Brief — Up to and including the line that contains "Škoda Octavia (2021)", return every line from the start of the data, unchanged.

=== Begin Enclosure ===

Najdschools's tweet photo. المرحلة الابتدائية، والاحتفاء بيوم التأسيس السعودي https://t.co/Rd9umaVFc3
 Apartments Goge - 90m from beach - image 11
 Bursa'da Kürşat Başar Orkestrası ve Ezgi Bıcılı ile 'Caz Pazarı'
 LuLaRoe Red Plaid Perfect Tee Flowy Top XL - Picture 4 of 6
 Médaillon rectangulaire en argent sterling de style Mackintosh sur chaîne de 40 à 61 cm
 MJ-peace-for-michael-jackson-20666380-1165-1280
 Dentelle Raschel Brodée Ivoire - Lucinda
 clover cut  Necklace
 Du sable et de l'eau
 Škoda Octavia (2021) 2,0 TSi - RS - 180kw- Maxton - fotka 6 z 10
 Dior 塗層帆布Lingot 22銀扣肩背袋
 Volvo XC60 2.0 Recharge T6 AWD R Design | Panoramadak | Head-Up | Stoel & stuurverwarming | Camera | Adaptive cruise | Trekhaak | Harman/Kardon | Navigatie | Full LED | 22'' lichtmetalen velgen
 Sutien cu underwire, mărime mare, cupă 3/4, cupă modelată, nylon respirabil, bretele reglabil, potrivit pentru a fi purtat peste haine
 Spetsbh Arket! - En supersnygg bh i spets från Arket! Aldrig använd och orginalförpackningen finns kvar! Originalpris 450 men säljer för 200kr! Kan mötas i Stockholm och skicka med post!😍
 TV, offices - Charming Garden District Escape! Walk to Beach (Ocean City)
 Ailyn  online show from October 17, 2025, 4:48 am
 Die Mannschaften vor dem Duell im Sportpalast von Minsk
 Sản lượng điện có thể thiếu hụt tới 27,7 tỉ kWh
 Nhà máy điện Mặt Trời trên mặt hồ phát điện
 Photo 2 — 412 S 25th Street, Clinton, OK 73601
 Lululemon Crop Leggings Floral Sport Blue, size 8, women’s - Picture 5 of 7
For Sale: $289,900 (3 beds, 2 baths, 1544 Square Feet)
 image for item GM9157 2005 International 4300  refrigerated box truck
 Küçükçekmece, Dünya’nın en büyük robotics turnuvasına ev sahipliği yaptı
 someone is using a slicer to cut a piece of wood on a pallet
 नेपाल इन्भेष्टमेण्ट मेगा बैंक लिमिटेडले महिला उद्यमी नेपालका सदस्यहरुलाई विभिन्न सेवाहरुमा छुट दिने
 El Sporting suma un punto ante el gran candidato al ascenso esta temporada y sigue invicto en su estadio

=== End Enclosure ===

Response area —
Najdschools's tweet photo. المرحلة الابتدائية، والاحتفاء بيوم التأسيس السعودي https://t.co/Rd9umaVFc3
 Apartments Goge - 90m from beach - image 11
 Bursa'da Kürşat Başar Orkestrası ve Ezgi Bıcılı ile 'Caz Pazarı'
 LuLaRoe Red Plaid Perfect Tee Flowy Top XL - Picture 4 of 6
 Médaillon rectangulaire en argent sterling de style Mackintosh sur chaîne de 40 à 61 cm
 MJ-peace-for-michael-jackson-20666380-1165-1280
 Dentelle Raschel Brodée Ivoire - Lucinda
 clover cut  Necklace
 Du sable et de l'eau
 Škoda Octavia (2021) 2,0 TSi - RS - 180kw- Maxton - fotka 6 z 10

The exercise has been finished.